Rüzgar komutan elindeki kağıda baktı ve:
"bu timde olanların ismini söyleyeceğim... sizler artık aslan gibi oldunuz sıra sizindir... avlanabilirsiniz artık bundan sonra başlayacağız opresayonlara" dedi.
Bir türlü okuyamadı kağıdı... Utanmasan elinden alıp ben okuyacaktım. Komutan okumaya başladı;
Yasin
Mehmet
Tuğçe
Sevda
Ümit
Cansel
Kerem
Buse
Asilay
İsmim son âna kadar çıkmayacak diye çok korkmuştum. Yüreğim ağzıma geldi. Komutan yoksa bilerek mi yapti? Neyseki bende artık timdeydim o şerefsizlerle meydanda mücadele edebilecektim, bayrağımı savunabilecektim, hayalini kurduğum şeyi yapiyordum daha ne isteyim ben...
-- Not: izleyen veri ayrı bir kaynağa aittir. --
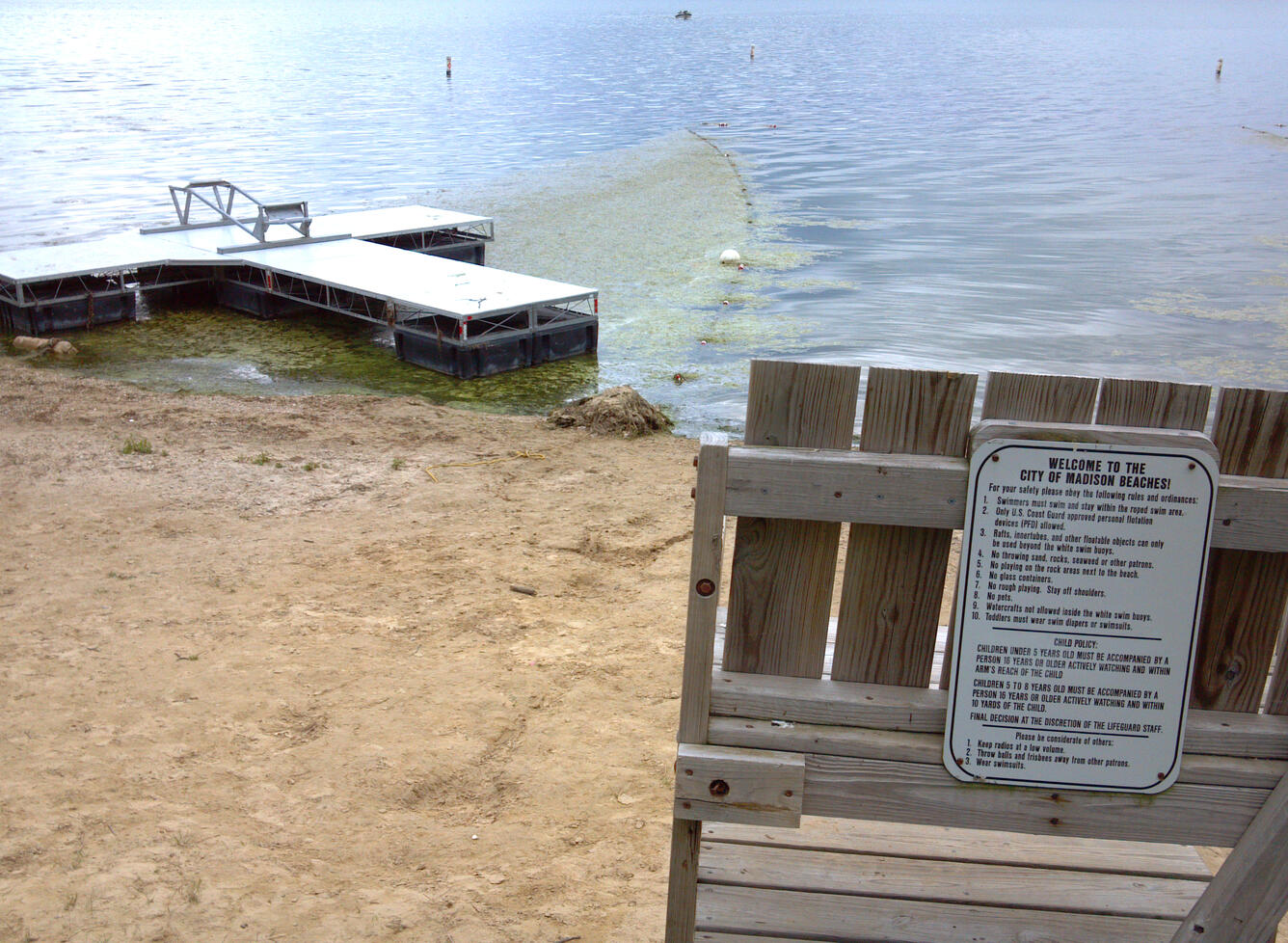 Photo of a Madison, Wis., beach with algae floating in the lake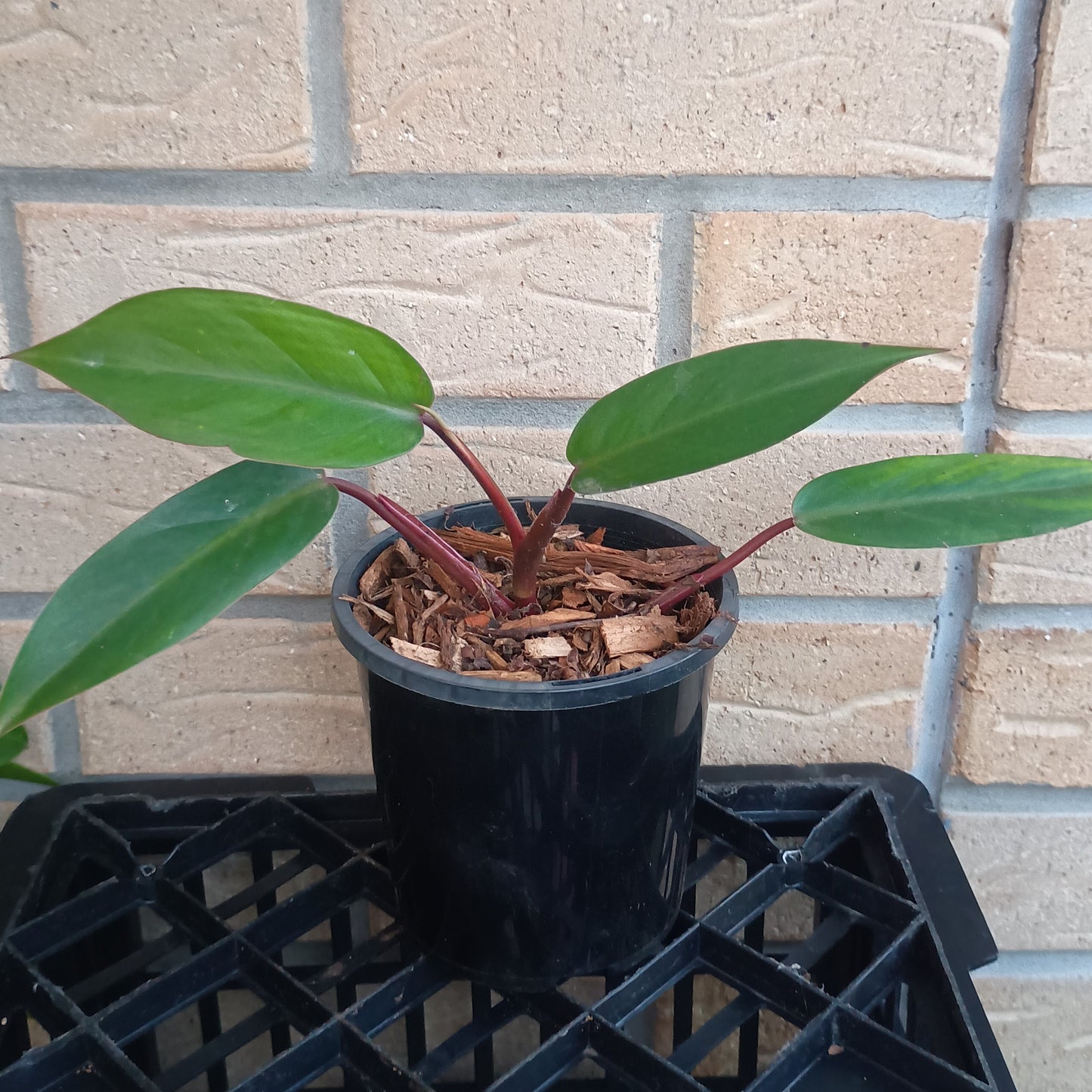 Philodendron Erubescens Red Emerald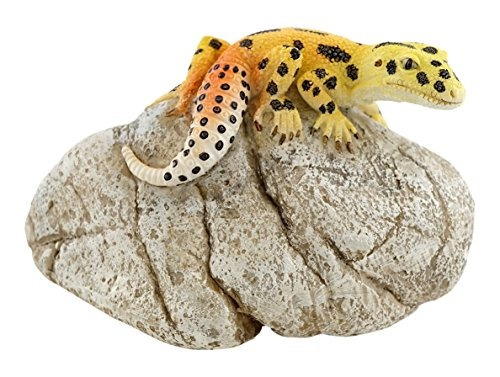Top Colección Miniatura Hada Del Jardín Y Gecko Leopardo Ter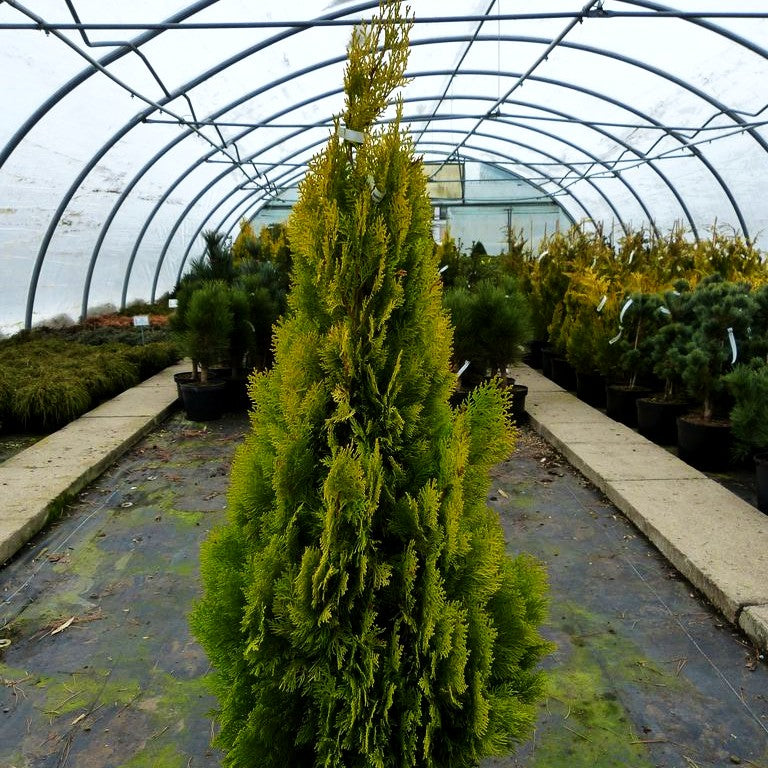 Gelber Pyramiden-Lebensbaum 'Pyramidalis Aurea' (Thuja orientalis)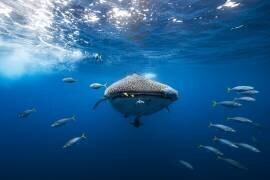 Whale shark escorted by a school of bonito (Gabriel Barathieu) - Muzeo.com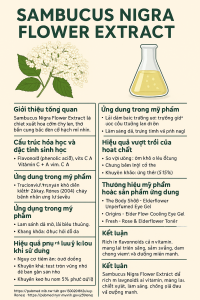 Sambucus Nigra Flower Extract La Hoat Chat Gi Cong Dung Trong Duoc My Pham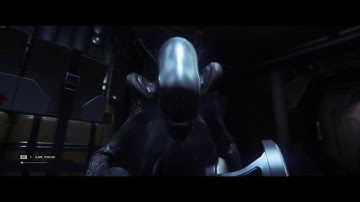 Alien Isolation. Ultrawide (3440x1440) on Linux with Nvidia GTX 1080 Ti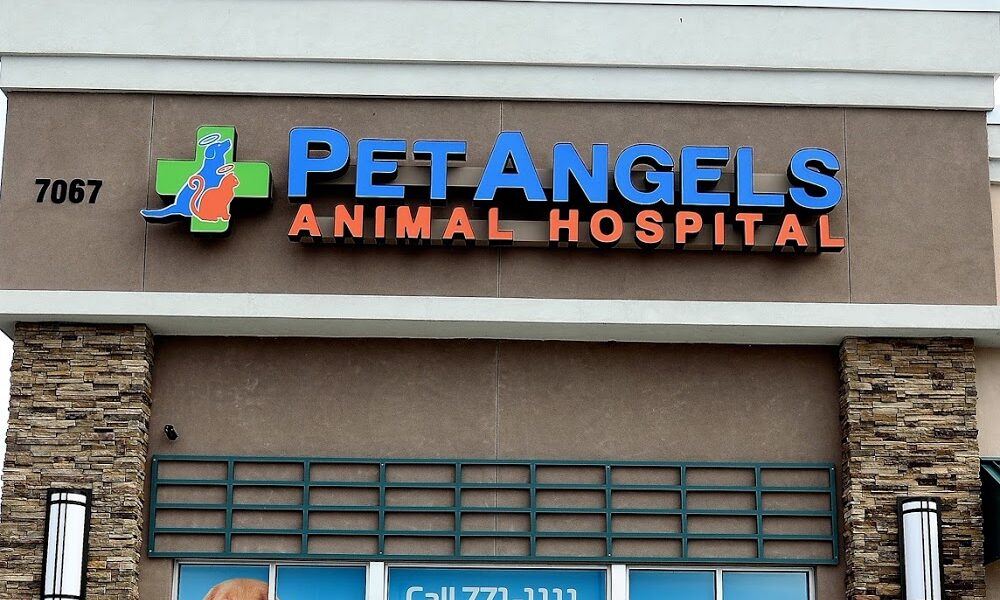 Pet Angels Animal Hospital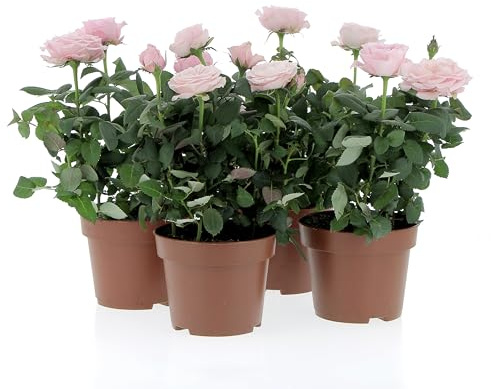 KENTIS - Kit 4 Piante di Rose Rosa - Piante Vere da Esterno Fiorite - Pianta da Balcone Giardino Terrazzo Ornamentali - Sempreverde - Vaso Ø 12 cm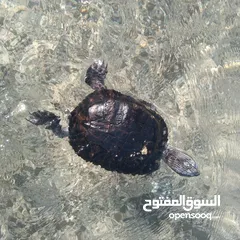  6 Turtle for Sale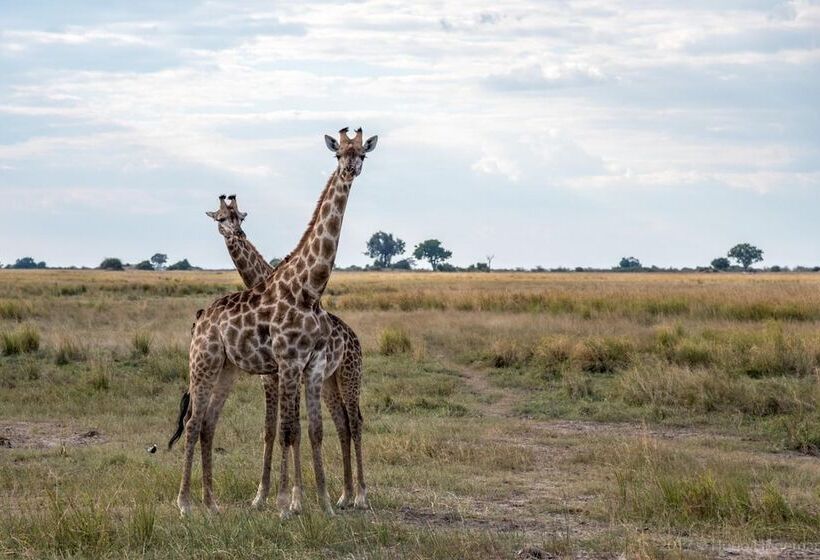 Fotos del hotel Woodlands Lodge & Tours:  20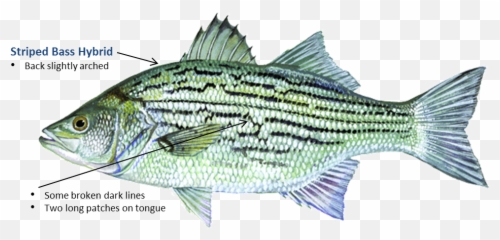 Bass Striped Png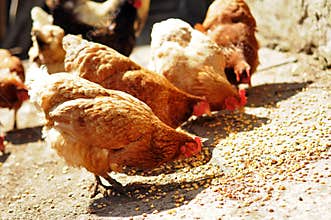 Several farm chickens eating corn in countryside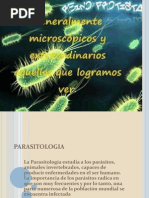 Anatomia de Los Protozoarios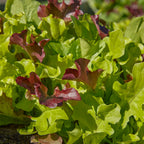 Gourmet Blend Lettuce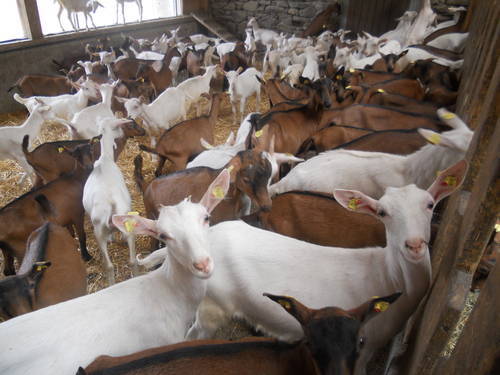 50 iedute la 4 luni cu acte de vanzare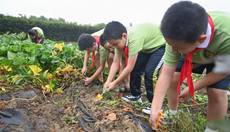 農場勞動開啟&ldquo;開學第一課&rdquo;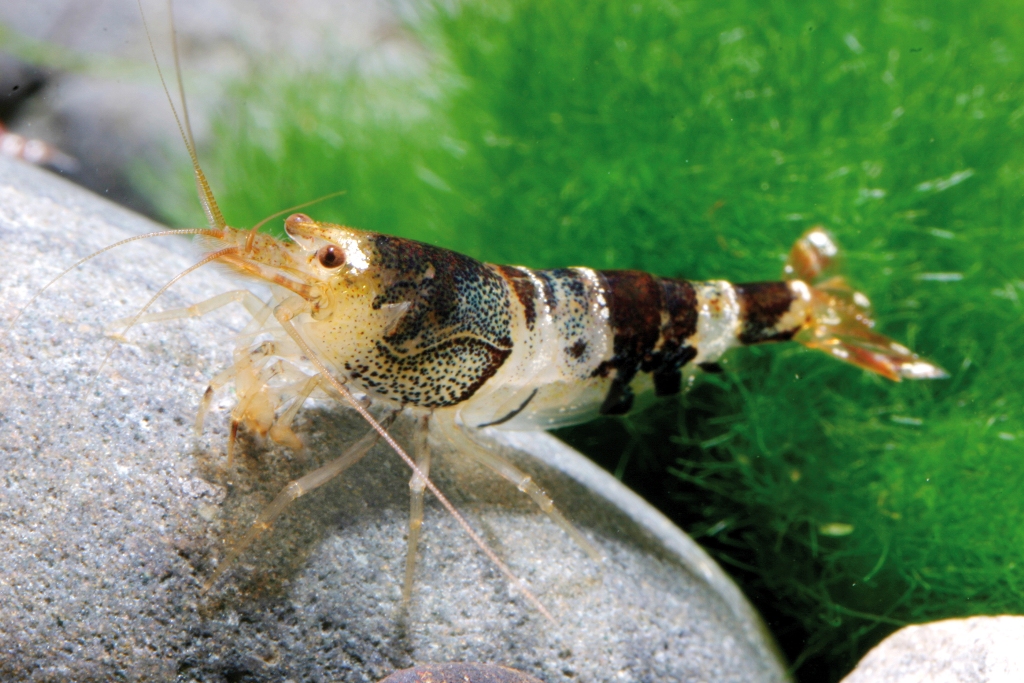 Gamberetto Caridina cf cantonensis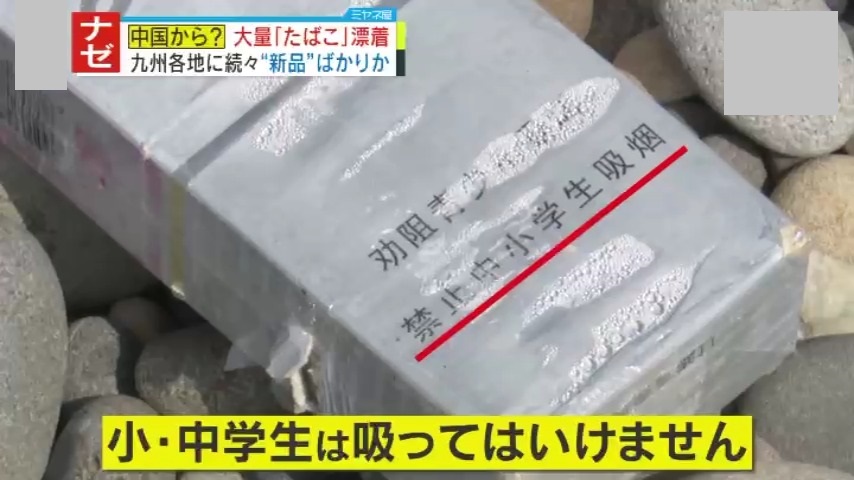 なぜ？】イルカが泳ぐコバルトブルーの海に“中国製タバコ”が大量漂着 密輸の可能性も？すでに約650カートン回収も、被害は九州沿岸各地に…専門家指摘「外交ルートで対応を求めたほうが良い」（2024年9月2日掲載）｜YTV  NEWS NNN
Kendi ismimin okunduğunu görünce kimin ismi yok diye düşündüm. Bizim kızlardan yoktu. Fark ettim de Ahmet 'in ismi yoktu. Yüzüne baktım o kadar yıkılmış gibi duruyordu ki o durumda bende olabilirdim, diye düşündüm. Her ne kadar bana iftira atsada ilk sarılan ben oldum. Bana sarılırken:
"hakkini helal et " dedi.
"helal olsun..." dedim.O sırada komutanın bana bakışlarını fark ettim. Yüzünde gülümseme vardı. Benim Ahmete karşı davranışım hoşuna gitmiş olmalıydı. Bu durum hoşuma gitmisti. komutan bana eskisi gibi güveniyordu.
Ahmetle vedalaştık. Artık timde dokuz kişiydik...komutanla birlikte on kisiydik... bekle bizi Şırnak dağları, bekle bizi köyler , bekle bizi vatan biz geliyoruz...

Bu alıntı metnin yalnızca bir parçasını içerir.